You are viewing a plain text version of this content. The canonical link for it is here.

Posted to dev@helix.apache.org by Kanak Biscuitwala <ka...@hotmail.com> on 2013/11/18 21:18:00 UTC

Design for a Helix Monitoring Framework

Hi,

We've sketched out an initial high-level design for a new monitoring framework for Helix. The primary goal is to decrease our time to detect soft failures, but this is really just a design to help propagate statistics around in any Helix-managed system. Any feedback is appreciated.

The document is available on the wiki: https://cwiki.apache.org/confluence/display/HELIX/Helix+Monitoring+Design

Thanks,
Kanak

RE: Design for a Helix Monitoring Framework

Posted by Kanak Biscuitwala <ka...@hotmail.com>.

I spent some time stress-testing a Riemann server alongside a controller, and in some pathological cases, this can really bog down the controller. However, it seems like a logical start.

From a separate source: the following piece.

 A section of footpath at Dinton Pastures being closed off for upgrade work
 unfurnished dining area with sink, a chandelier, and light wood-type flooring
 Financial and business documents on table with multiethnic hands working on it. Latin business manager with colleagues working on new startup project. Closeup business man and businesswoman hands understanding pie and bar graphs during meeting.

Eventually, it probably makes the most sense to have monitoring servers be Helix participants themselves and then have Helix controllers, participants, and spectators be spectators on the monitoring server cluster. This allows us to scale up our monitoring servers at will and deal with faults automatically. Then, we can shard our alerts and send them to the appropriate destination with consistent hashing. This will also help with pluggable monitoring services. The big thing here is to abstract away the connection code on the Helix side so that we can swap out different configurations at will.

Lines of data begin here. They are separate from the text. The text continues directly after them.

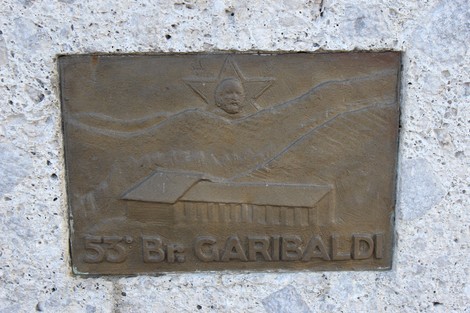 Monumento ai Tredici Martiri, dedicato ai caduti, con rilievi commemorativi e paesaggio montano.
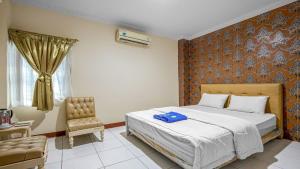 Posteľ alebo postele v izbe v ubytovaní Hotel Cempaka Sari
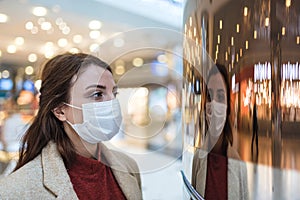 Portrait of beautiful girl wearing protective medical mask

I think the way I'm planning to do this is in stages:
1. Get the basic monitoring framework working with the monitoring server on the same process as the controller
2. Make the monitoring server a Helix participant in its own cluster
3. Adapt the Helix code to spectate on the monitoring cluster

Stress test findings: https://cwiki.apache.org/confluence/display/HELIX/Stress+Testing
Added alternatives section to: https://cwiki.apache.org/confluence/display/HELIX/Helix+Monitoring+Design

Kanak

----------------------------------------
> From: kanak.b@hotmail.com
> To: dev@helix.incubator.apache.org
> Subject: RE: Design for a Helix Monitoring Framework
> Date: Mon, 18 Nov 2013 18:19:54 -0800
>
> This is interesting. Sirona collectors could work for our purpose as well, from what I've read. Much of the current design focuses on preventing the monitoring framework from being a helix-core dependency by creating new modules and registering things with an interface. I think a cool side effect of this is that we could theoretically plug in any client/server monitoring system.
>
> I still like Riemann for the first cut because we've already invested time in experimenting with it and it seems to do the job. Certainly adding Sirona in the future would be cool, too.
>
> Kanak
> ----------------------------------------
>> From: olamy@apache.org
>> Date: Tue, 19 Nov 2013 09:18:50 +1100
>> Subject: Re: Design for a Helix Monitoring Framework
>> To: dev@helix.incubator.apache.org
>>
>> Sounds interesting.
>> FYI I started a new project @apache related to monitoring.
>> See: http://sirona.incubator.apache.org/
>>
>> It's plugin based mechanism so maybe a Helix plugin can be created.
>> Let me know and feel free to start a thread on dev@sirona
>>
>>
>>
>> On 19 November 2013 07:18, Kanak Biscuitwala <ka...@hotmail.com> wrote:
>>> Hi,
>>>
>>> We've sketched out an initial high-level design for a new monitoring framework for Helix. The primary goal is to decrease our time to detect soft failures, but this is really just a design to help propagate statistics around in any Helix-managed system. Any feedback is appreciated.
>>>
>>> The document is available on the wiki: https://cwiki.apache.org/confluence/display/HELIX/Helix+Monitoring+Design
>>>
>>> Thanks,
>>> Kanak
>>
>>
>>
>> --
>> Olivier Lamy
>> Ecetera: http://ecetera.com.au
>> http://twitter.com/olamy | http://linkedin.com/in/olamy

RE: Design for a Helix Monitoring Framework

Posted by Kanak Biscuitwala <ka...@hotmail.com>.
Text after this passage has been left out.